§ What you are asked to do
Would you print only the lines running from the one with "横浜市立港北小学校 500m 徒歩7分。小学校が近いのは子育てファミリーにもおすすめのポイント。" to the final line of the data below, word for word and without pictures?

START Supplied records

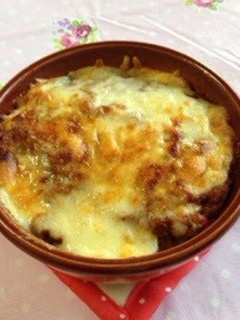 A picture of Potato Gratin Made with Leftover Meat Sauce.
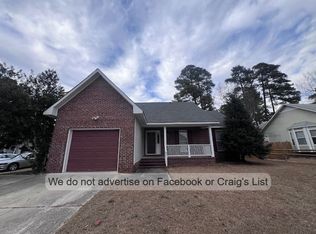 5611 Walkabout Rd, Hope Mills, NC 28348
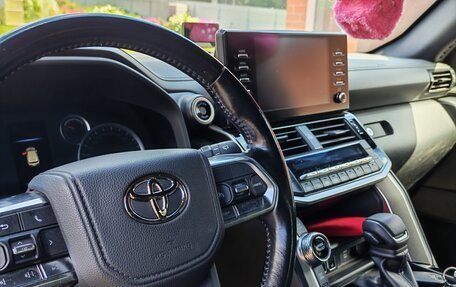 Toyota Land Cruiser, 2023 год, 11 600 000 рублей, 4 фотография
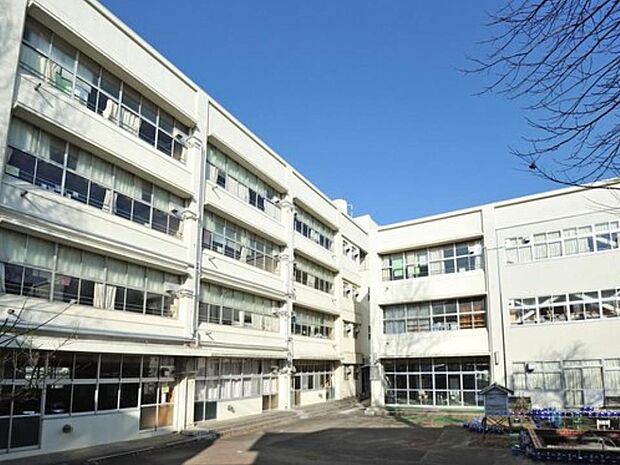 横浜市立港北小学校 500m 徒歩7分。小学校が近いのは子育てファミリーにもおすすめのポイント。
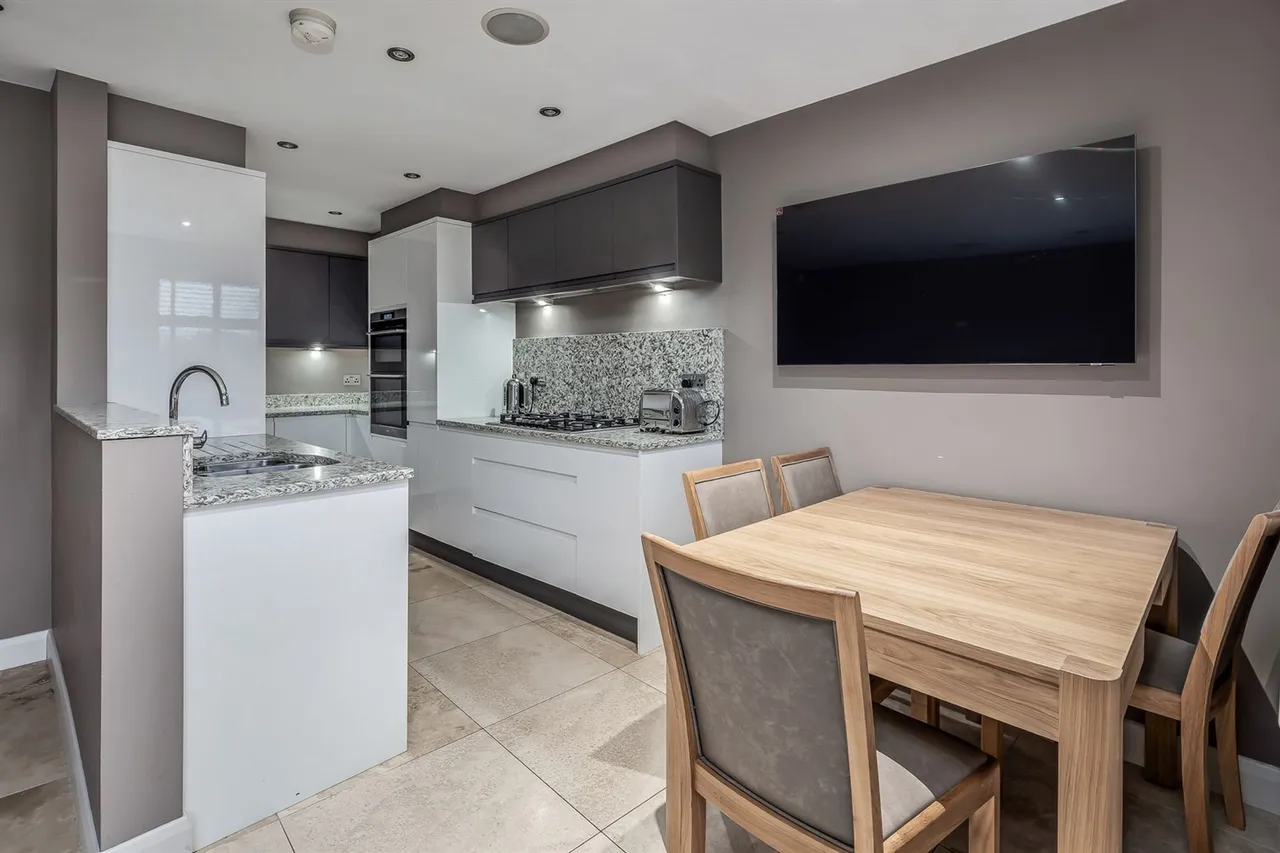 Edge View Crescent, Alderley Edge, photo 6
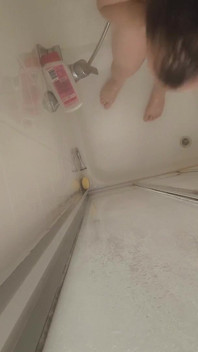 Orgasme pendant la douche et le rasage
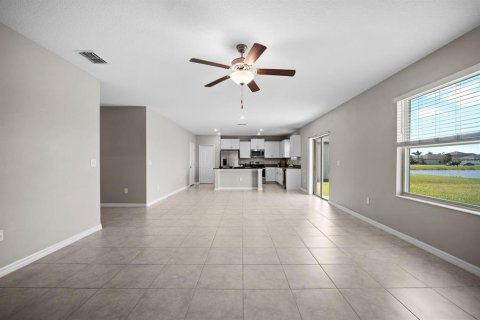 Villa ou maison à vendre à Sun City Center, Floride: 4 chambres, 244.8 m2 № 2437293 - photo 7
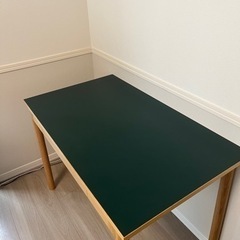 ダイニングテーブル IDEE STILT TABLE1000 Green black ☆【在庫限り】STILT TABLE 1000 Green Black｜これまでに販売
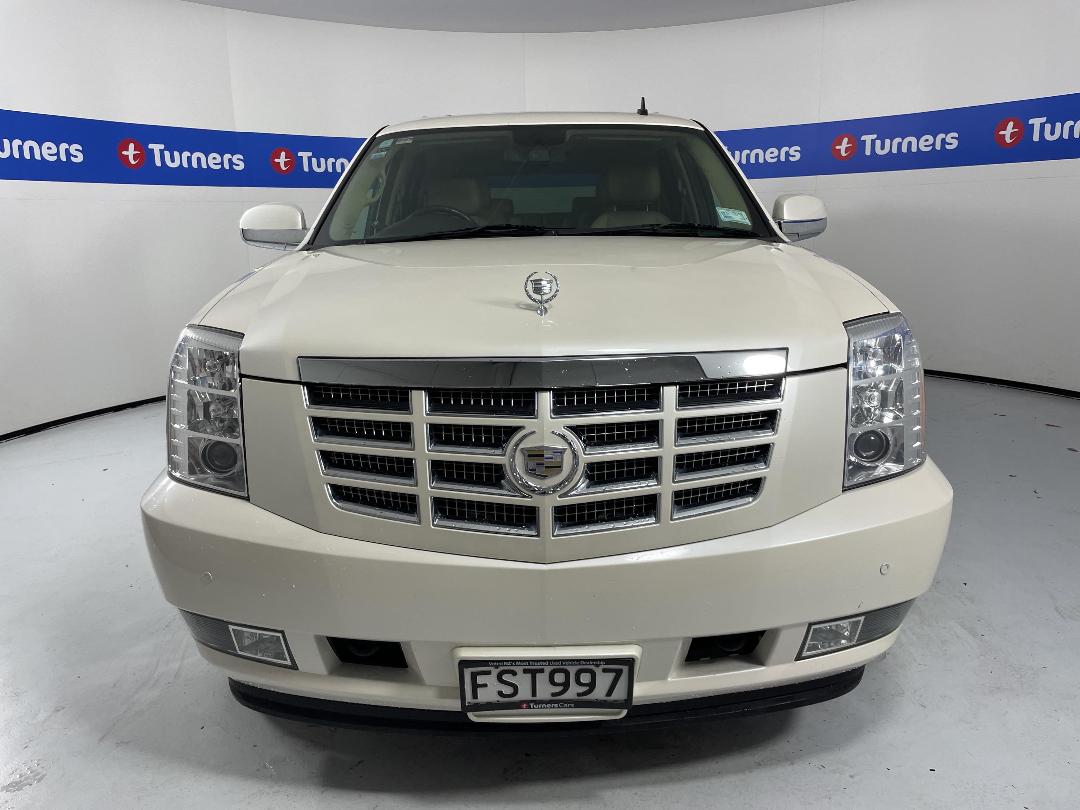 Photo '2' of Cadillac Escalade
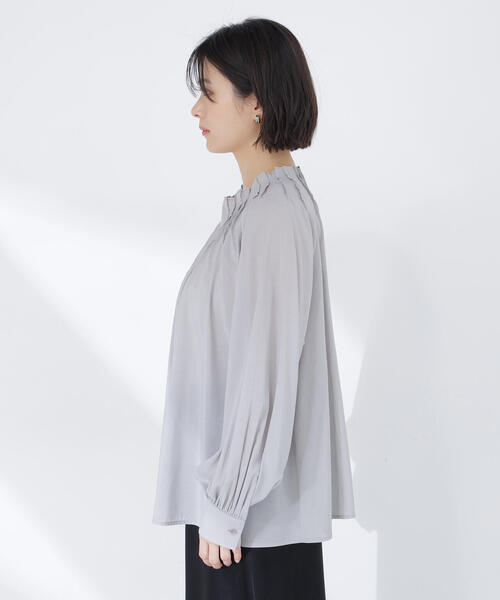NATURAL BEAUTY BASIC(ナチュラルビューティーベーシック)の「◇タックネックブラウス(シャツ/ブラウス・レディース・グレイッシュベージュ/チャコールグレー/イエロー・FREE)」の11枚目の写真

END Supplied records

§ Task solution
 横浜市立港北小学校 500m 徒歩7分。小学校が近いのは子育てファミリーにもおすすめのポイント。
 Edge View Crescent, Alderley Edge, photo 6
 Orgasme pendant la douche et le rasage
 Villa ou maison à vendre à Sun City Center, Floride: 4 chambres, 244.8 m2 № 2437293 - photo 7
 ダイニングテーブル IDEE STILT TABLE1000 Green black ☆【在庫限り】STILT TABLE 1000 Green Black｜これまでに販売
 Photo '2' of Cadillac Escalade
NATURAL BEAUTY BASIC(ナチュラルビューティーベーシック)の「◇タックネックブラウス(シャツ/ブラウス・レディース・グレイッシュベージュ/チャコールグレー/イエロー・FREE)」の11枚目の写真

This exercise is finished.